▸ Work instructions
Every line in the records below between the one holding "4pcs Tent Pegs" and the one holding "Brighton - Nine", inclusive, is to be set down exactly; all other lines are to be left out.

Input below:

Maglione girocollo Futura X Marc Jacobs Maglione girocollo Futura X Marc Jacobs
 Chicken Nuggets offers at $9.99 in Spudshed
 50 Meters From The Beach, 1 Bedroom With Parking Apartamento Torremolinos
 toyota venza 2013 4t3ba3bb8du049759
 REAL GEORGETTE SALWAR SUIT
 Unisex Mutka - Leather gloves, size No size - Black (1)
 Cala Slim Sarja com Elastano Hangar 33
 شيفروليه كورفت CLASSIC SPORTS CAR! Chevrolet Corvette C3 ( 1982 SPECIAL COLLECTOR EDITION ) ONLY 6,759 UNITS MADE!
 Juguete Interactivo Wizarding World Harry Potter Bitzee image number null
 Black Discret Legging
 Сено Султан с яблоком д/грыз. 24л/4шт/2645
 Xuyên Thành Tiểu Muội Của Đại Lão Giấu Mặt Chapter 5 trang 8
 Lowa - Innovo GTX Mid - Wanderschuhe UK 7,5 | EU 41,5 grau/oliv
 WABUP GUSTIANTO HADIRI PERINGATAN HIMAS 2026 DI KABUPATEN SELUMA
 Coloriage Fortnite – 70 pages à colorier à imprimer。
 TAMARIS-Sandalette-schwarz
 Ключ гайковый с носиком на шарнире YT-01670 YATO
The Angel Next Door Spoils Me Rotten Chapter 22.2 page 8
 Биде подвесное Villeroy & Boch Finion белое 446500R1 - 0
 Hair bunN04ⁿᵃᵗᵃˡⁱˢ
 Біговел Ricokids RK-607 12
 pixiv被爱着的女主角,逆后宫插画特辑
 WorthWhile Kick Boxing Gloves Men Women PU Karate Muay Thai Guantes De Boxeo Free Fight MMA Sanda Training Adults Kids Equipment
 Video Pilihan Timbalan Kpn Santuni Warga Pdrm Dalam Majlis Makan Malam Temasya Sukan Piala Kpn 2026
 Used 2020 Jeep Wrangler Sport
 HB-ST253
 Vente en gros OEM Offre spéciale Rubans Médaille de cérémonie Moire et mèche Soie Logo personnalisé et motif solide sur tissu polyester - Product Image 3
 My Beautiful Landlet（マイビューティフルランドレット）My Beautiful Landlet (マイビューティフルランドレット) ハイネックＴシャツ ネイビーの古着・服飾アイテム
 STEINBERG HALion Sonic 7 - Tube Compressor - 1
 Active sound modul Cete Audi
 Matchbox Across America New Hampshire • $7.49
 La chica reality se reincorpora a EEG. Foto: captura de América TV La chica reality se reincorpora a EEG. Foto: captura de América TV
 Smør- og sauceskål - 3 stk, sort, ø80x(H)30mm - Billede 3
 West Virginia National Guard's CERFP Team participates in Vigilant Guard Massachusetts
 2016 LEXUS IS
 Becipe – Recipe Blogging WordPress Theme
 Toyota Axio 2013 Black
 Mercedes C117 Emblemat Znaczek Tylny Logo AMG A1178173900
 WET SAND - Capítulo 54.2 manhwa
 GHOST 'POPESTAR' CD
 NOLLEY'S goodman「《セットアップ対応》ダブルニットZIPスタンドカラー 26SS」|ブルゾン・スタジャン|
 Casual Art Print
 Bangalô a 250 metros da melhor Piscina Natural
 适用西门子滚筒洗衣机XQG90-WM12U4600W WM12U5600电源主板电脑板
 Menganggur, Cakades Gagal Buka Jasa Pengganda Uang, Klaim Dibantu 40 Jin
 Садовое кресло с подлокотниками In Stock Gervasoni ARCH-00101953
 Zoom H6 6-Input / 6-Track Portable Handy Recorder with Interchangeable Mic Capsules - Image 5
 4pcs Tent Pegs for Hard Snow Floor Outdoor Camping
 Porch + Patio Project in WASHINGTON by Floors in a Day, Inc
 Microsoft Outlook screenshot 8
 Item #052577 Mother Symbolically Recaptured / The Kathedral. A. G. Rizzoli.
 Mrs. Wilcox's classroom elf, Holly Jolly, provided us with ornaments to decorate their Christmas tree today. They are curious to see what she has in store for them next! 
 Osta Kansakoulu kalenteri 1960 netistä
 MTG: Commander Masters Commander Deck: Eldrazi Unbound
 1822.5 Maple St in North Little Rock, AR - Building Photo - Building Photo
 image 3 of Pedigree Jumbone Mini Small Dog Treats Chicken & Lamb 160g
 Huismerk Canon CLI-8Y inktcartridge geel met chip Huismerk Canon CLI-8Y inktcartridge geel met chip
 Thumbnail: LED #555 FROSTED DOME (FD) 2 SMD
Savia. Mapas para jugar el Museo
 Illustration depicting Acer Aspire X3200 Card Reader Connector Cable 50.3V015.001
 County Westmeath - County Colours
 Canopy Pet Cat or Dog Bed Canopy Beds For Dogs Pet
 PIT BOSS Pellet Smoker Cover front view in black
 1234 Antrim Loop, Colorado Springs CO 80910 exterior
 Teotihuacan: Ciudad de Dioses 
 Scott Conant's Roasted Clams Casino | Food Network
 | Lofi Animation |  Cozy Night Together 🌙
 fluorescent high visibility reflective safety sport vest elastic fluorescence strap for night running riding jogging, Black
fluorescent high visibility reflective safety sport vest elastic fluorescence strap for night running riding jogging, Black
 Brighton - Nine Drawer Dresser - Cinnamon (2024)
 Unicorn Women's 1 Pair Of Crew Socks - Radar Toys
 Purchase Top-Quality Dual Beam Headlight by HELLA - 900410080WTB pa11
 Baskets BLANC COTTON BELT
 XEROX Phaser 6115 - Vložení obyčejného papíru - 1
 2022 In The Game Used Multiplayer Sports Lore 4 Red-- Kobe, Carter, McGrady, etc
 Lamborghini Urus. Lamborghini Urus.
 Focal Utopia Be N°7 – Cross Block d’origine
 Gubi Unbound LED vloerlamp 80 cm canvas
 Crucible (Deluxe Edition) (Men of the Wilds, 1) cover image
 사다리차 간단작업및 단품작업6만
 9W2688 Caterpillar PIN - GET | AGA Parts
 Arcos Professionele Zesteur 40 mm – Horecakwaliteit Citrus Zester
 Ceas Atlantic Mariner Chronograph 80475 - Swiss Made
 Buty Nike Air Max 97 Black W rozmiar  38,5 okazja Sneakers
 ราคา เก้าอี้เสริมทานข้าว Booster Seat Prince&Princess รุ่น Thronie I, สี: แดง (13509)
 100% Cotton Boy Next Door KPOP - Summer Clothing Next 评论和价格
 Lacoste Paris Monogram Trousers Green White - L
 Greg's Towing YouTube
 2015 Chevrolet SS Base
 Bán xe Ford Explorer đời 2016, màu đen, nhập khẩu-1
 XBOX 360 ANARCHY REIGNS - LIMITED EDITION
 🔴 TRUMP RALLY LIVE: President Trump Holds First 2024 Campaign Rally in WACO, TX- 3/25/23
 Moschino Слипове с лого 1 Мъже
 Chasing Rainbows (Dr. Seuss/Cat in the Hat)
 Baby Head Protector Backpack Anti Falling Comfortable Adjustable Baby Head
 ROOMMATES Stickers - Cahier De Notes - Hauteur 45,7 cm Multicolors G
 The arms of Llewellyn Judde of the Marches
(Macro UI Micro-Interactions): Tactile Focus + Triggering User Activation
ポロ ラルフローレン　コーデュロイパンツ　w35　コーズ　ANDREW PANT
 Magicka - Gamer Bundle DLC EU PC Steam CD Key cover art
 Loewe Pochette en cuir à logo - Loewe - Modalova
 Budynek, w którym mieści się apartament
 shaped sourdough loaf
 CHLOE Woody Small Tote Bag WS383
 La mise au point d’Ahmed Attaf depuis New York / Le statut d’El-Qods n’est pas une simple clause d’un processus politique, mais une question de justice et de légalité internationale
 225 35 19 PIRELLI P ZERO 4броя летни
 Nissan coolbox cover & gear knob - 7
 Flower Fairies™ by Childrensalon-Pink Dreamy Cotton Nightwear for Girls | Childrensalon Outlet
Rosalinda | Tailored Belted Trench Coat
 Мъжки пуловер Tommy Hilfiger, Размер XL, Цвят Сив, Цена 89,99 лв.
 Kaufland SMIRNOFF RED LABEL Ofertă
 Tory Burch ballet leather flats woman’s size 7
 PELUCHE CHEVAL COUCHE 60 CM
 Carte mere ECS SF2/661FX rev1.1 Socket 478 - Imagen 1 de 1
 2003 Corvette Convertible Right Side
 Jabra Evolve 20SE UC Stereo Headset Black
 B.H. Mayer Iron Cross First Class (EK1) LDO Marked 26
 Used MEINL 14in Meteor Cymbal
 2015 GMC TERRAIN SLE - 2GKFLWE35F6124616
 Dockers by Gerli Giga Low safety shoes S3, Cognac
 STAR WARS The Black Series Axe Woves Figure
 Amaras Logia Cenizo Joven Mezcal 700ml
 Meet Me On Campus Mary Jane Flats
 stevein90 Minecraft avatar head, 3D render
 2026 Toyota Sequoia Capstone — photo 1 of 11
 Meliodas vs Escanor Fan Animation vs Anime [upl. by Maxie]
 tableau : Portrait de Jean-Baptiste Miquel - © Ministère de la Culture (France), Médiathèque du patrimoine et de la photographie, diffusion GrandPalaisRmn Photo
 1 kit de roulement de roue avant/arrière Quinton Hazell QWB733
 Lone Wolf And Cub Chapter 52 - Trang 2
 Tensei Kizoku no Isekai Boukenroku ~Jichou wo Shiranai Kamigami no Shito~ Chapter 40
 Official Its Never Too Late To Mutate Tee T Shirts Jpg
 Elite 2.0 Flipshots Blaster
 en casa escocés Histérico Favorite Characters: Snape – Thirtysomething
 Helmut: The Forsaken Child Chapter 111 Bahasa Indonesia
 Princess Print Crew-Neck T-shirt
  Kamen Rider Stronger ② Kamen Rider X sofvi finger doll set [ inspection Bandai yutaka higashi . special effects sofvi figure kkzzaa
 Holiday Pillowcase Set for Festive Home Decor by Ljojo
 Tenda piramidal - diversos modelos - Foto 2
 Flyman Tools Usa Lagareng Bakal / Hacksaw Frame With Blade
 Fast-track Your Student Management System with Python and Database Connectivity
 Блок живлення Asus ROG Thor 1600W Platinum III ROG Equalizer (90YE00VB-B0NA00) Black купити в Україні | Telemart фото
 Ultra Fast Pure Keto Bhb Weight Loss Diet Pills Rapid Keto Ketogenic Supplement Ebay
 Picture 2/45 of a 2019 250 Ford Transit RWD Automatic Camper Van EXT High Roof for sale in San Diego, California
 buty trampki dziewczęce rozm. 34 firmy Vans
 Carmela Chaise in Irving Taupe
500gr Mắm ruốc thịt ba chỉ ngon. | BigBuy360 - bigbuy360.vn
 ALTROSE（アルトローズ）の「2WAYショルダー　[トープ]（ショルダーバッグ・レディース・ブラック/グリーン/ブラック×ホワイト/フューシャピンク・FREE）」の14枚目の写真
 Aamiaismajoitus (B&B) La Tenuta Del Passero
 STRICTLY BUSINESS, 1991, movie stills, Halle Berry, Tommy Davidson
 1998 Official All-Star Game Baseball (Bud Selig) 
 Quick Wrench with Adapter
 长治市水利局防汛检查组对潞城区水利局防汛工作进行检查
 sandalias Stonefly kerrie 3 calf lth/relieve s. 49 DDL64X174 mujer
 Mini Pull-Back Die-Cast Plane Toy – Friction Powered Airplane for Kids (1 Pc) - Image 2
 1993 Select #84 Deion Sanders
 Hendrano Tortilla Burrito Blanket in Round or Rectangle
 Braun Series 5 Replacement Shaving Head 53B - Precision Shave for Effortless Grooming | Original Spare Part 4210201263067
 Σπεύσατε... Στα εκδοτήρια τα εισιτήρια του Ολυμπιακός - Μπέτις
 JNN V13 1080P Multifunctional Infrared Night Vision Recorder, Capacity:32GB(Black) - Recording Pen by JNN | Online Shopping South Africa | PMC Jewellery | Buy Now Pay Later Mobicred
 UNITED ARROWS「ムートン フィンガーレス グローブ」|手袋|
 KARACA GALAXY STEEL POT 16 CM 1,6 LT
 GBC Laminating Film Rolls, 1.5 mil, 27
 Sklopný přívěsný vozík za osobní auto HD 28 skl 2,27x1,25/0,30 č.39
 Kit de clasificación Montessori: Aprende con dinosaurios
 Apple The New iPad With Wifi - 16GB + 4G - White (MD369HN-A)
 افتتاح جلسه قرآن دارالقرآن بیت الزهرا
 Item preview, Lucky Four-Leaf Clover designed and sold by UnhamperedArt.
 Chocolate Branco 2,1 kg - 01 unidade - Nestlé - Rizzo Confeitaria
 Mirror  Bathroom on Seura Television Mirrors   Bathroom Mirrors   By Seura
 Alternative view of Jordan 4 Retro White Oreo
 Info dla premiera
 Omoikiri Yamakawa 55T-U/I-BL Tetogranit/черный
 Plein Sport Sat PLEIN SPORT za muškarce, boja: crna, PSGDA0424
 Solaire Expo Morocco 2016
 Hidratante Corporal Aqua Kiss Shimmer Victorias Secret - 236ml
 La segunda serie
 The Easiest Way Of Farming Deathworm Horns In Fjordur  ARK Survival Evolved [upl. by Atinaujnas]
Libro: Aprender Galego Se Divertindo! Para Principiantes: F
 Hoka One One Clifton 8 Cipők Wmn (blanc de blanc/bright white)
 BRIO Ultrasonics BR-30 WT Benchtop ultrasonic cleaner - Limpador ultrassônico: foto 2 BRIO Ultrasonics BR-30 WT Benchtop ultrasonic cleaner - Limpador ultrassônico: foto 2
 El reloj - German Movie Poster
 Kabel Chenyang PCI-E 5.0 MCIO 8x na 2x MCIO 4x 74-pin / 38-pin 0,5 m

End of Input.

▸ Expected answer
 4pcs Tent Pegs for Hard Snow Floor Outdoor Camping
 Porch + Patio Project in WASHINGTON by Floors in a Day, Inc
 Microsoft Outlook screenshot 8
 Item #052577 Mother Symbolically Recaptured / The Kathedral. A. G. Rizzoli.
 Mrs. Wilcox's classroom elf, Holly Jolly, provided us with ornaments to decorate their Christmas tree today. They are curious to see what she has in store for them next! 
 Osta Kansakoulu kalenteri 1960 netistä
 MTG: Commander Masters Commander Deck: Eldrazi Unbound
 1822.5 Maple St in North Little Rock, AR - Building Photo - Building Photo
 image 3 of Pedigree Jumbone Mini Small Dog Treats Chicken & Lamb 160g
 Huismerk Canon CLI-8Y inktcartridge geel met chip Huismerk Canon CLI-8Y inktcartridge geel met chip
 Thumbnail: LED #555 FROSTED DOME (FD) 2 SMD
Savia. Mapas para jugar el Museo
 Illustration depicting Acer Aspire X3200 Card Reader Connector Cable 50.3V015.001
 County Westmeath - County Colours
 Canopy Pet Cat or Dog Bed Canopy Beds For Dogs Pet
 PIT BOSS Pellet Smoker Cover front view in black
 1234 Antrim Loop, Colorado Springs CO 80910 exterior
 Teotihuacan: Ciudad de Dioses 
 Scott Conant's Roasted Clams Casino | Food Network
 | Lofi Animation |  Cozy Night Together 🌙
 fluorescent high visibility reflective safety sport vest elastic fluorescence strap for night running riding jogging, Black
fluorescent high visibility reflective safety sport vest elastic fluorescence strap for night running riding jogging, Black
 Brighton - Nine Drawer Dresser - Cinnamon (2024)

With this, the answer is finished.